Déchirure de la boîte architecturale

Frank Lloyd Wright est né à Richland Center, dans le Wisconsin ; son père était un pasteur baptiste, devenu ensuite « unitarien ».

Dès sa jeunesse, Wright est un rebelle : dans le cursus des architectes américains, même des plus indépendants comme Henry Hobson Richardson et Louis Sullivan, l'École des beaux-arts de Paris constituait une étape obligatoire ; lorsqu'on offre à Wright, en 1894, d'aller à Paris, sa réponse est un « non » tranchant. C'est qu'il a appris à détester le classicisme en observant à quelles tragiques conséquences il menait à l'exposition colombienne de Chicago en 1893 : une « White City » de style gréco-romain, une ville blanche comme les visages cadavériques de ses édifices de marbre. Élève de Sullivan, avec qui il avait travaillé pendant cinq ans, il veut, en architecture aussi, revenir aux sources bibliques, à la matrice, à la vérité originaire, et il en vient rapidement à l'identifier dans l'espace intérieur, défini comme l'élément dirigeant, le protagoniste de la réalité architecturale.

Le premier cycle de l'activité de Wright va de la Winslow House à River Forest dans l'Illinois (1893) jusqu'aux chefs-d'œuvre que sont la Robie House de Chicago, la Roberts House et la Coonley House de Riverside (1908-1909). C'est la période dite des Prairie Houses, qui témoigne d'une agression croissante contre le principe traditionnel de la boîte architecturale. La Winslow House se présente encore comme un prisme compact, avec symétrie de la façade. Mais déjà, en 1900, la Hickox House de Kankakee, dans l'Illinois, a rompu l'enveloppe pour projeter les volumes des différentes pièces dans le paysage. À Highland Park (Ill.), la Willitts House, qui est de 1902, offre un parti en croix, avec des bras qui partent de la cheminée et se prolongent en longs portiques assumant une fonction de liaison entre les lieux clos et la nature. Dans la Roberts House, la fluidité planimétrique est intégrée par la continuité verticale, grâce à un séjour qui relie deux niveaux. C'est toujours la ligne horizontale qui domine : elle est la « ligne de terre » immanente. Sous cet aspect aussi, Wright est biblique, et non pas chrétien : il mise sur la vie vécue, et non sur la vie éternelle, il considère le chemin de l'homme dans ce monde, et non celui de l'œil montant vers Dieu.

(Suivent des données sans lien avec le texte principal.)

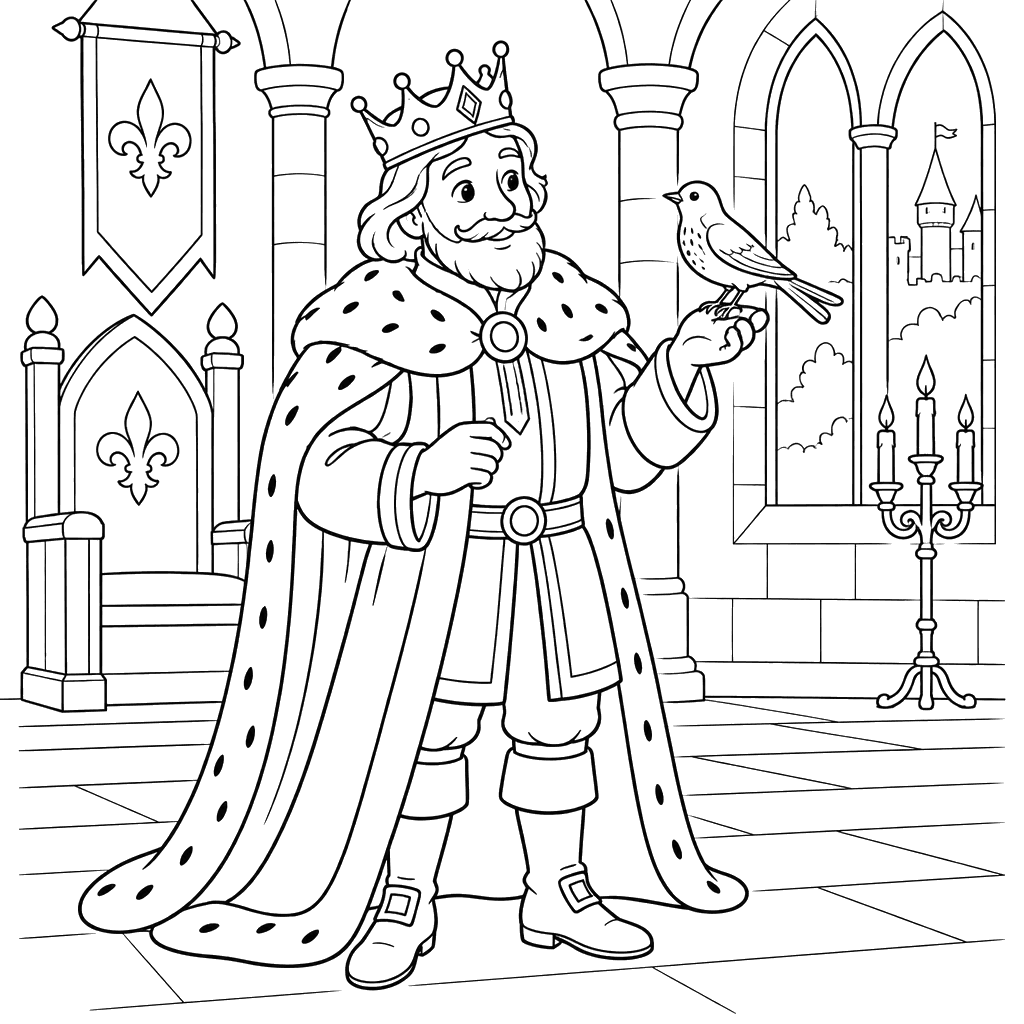 King Thrushbeard in the Castle Coloring Page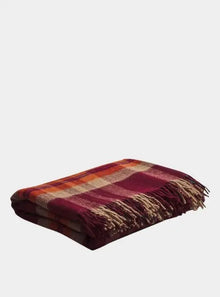  Berry Check Cabin Wool Blanket Piglet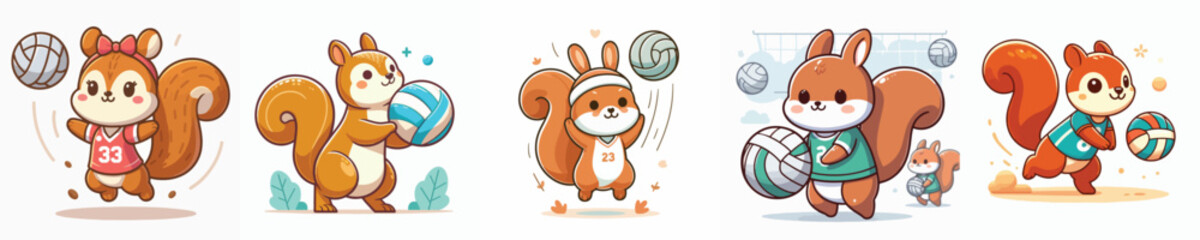cute squirrel vector playing volleyball © sarah16blakeyxh2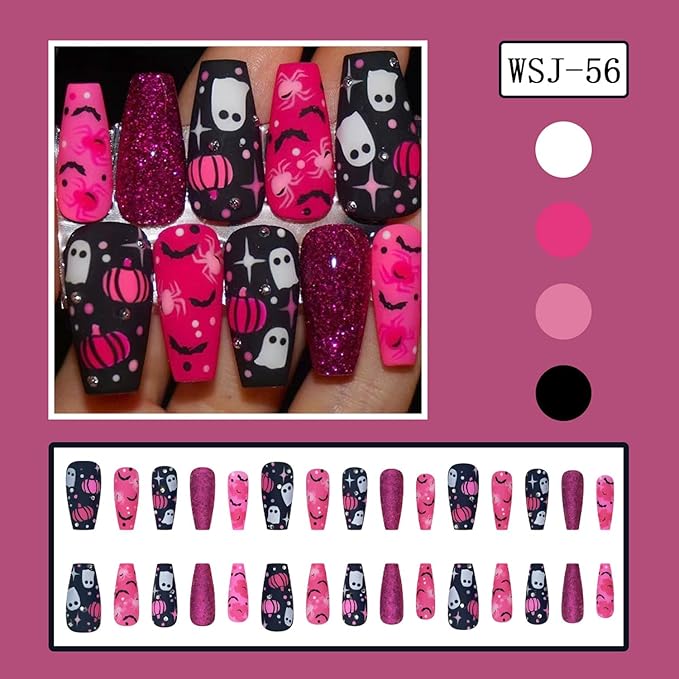 30pcs Glitter Pink Press on Nails Medium Sequins Fake Nails Cute Ghost Pumpkin Bat Print Press on with Rhinestone Designs Halloween False Nail Tips for Girls Nail Decoration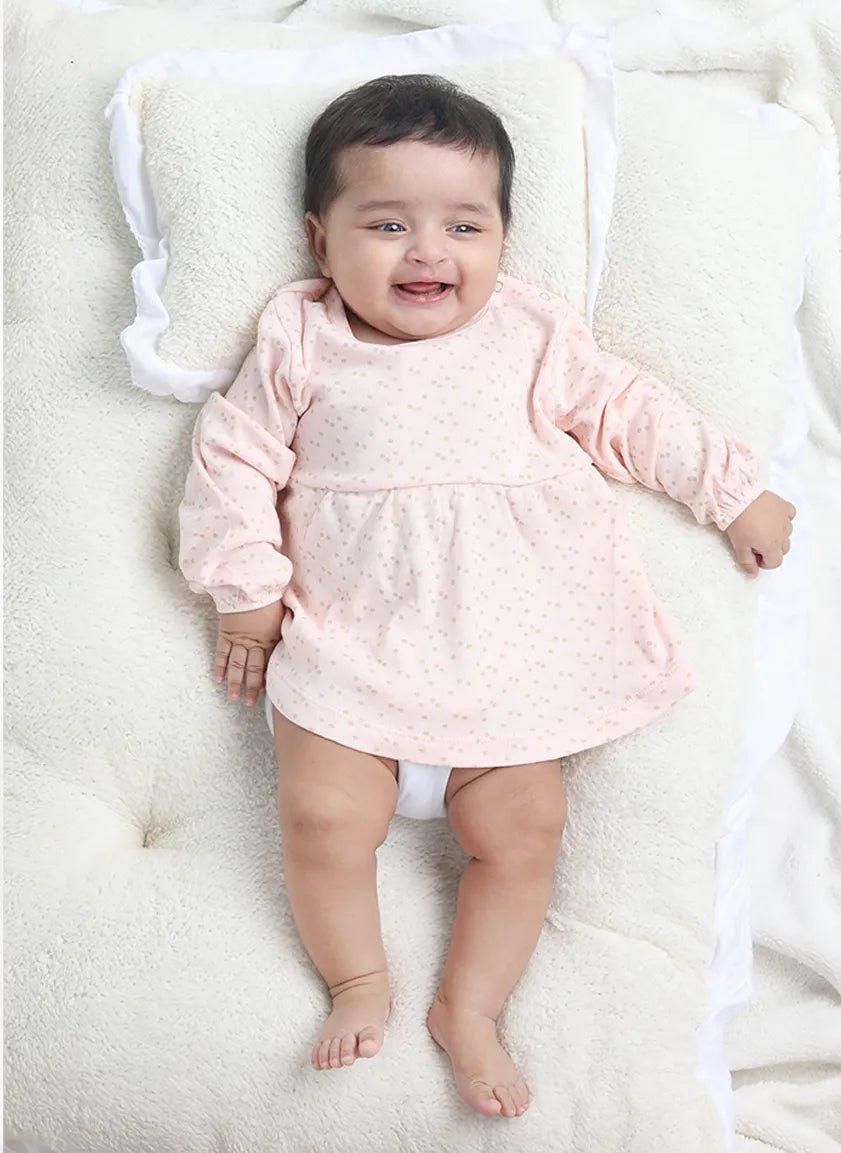 Full sleeve pink & grey dot pattern frock for baby girls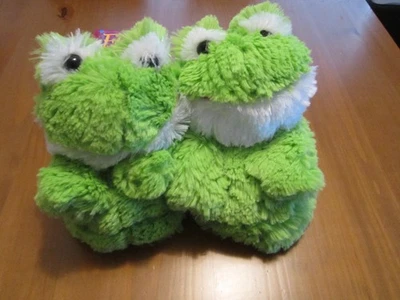 FLUFFER SCUFFER FELPA LINDA ACOGEDORA CÁLIDA RANA VERDE PANTUFLAS 5/6 PEQUEÑAS NUEVAS Foto 1 de 4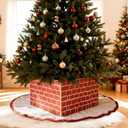 Weysat Christmas Tree Collar Box 16" Long 16" Wide 10" High 22" Diameter Rustic Red Brick Wooden Collar Stand Cover Square Skirt Box for Below 6ft Farmhouse Christmas Tree Decoration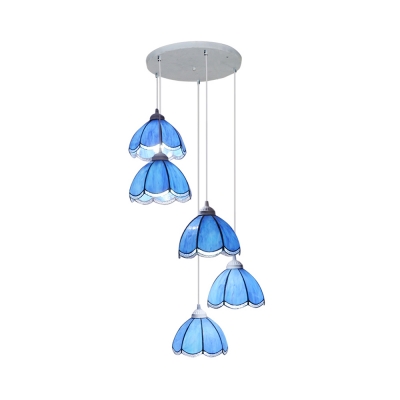 5 Lights Bowl Hanging Light Mediterranean Stylish Art Glass Ceiling Pendant in Blue for Villa
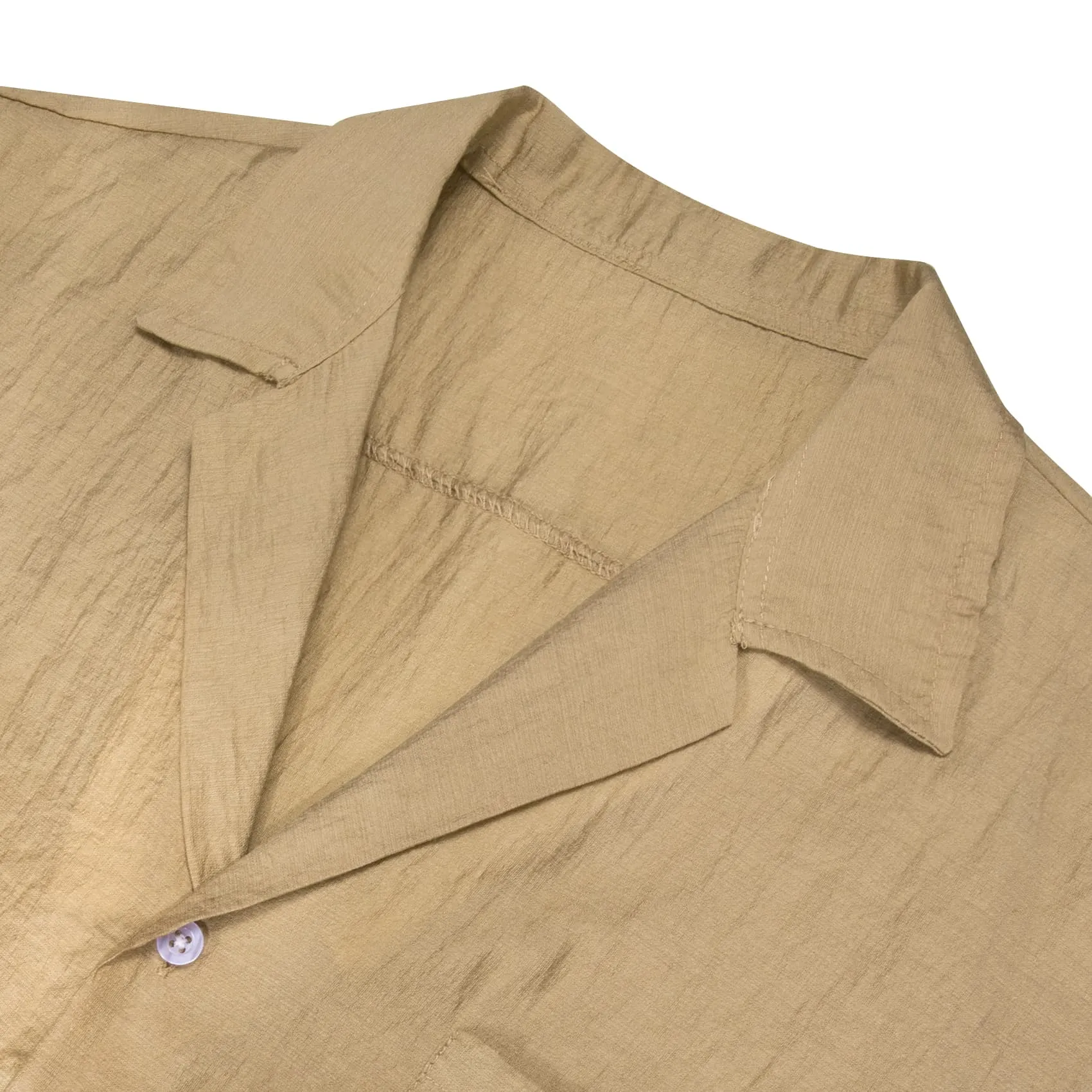 Barry Wang Tan Shirt Solid Light Brown Short Sleeves Shirt for Men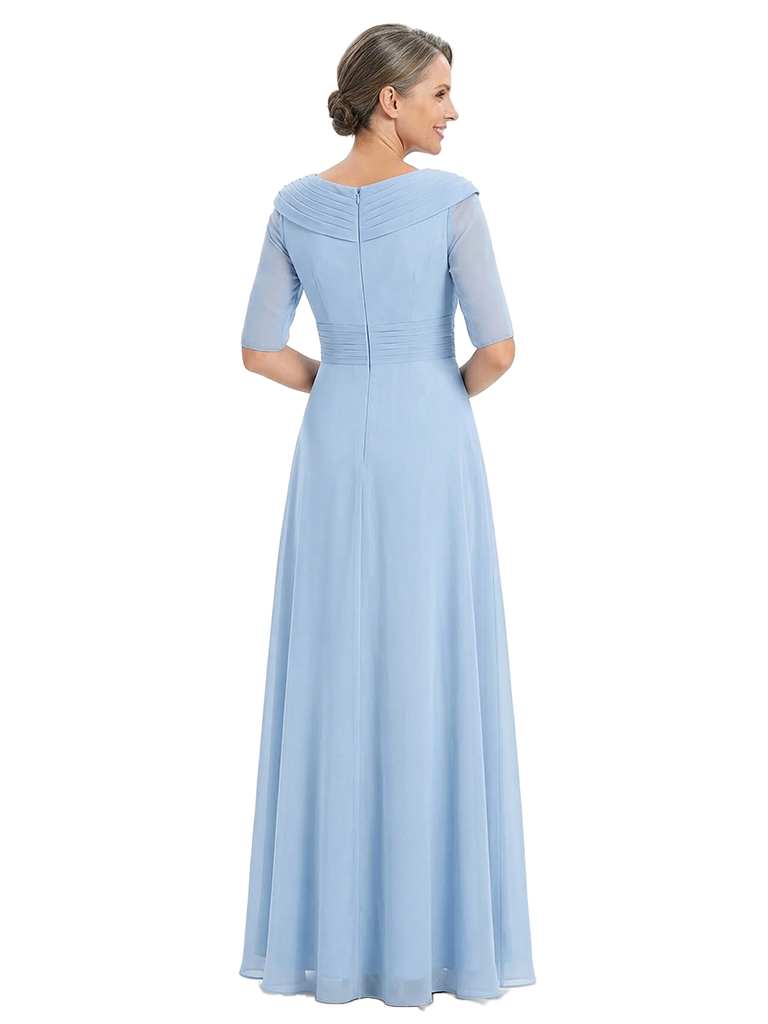 ChicSew V-Neck Half Sleeve Pleated Bodice Ruffle Side Detail Floor Length Chiffon Mother of the Bride Dresses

La période des Prairie Houses comprend divers bâtiments non résidentiels, parmi lesquels le Larkin Building à Buffalo (N. Y.), qui est de 1904, et le Unity Temple de Oak Park (Ill.), de 1906. Ils expriment l'idée wrightienne des structures insérées dans le milieu urbain, idée qui trouvera plus tard confirmation dans le Johnson Wax Building et dans le musée Guggenheim : l'attention créatrice est concentrée à l'intérieur, dans un grand creux illuminé par en haut et protégé des bruits de la ville par des murs solides.[...]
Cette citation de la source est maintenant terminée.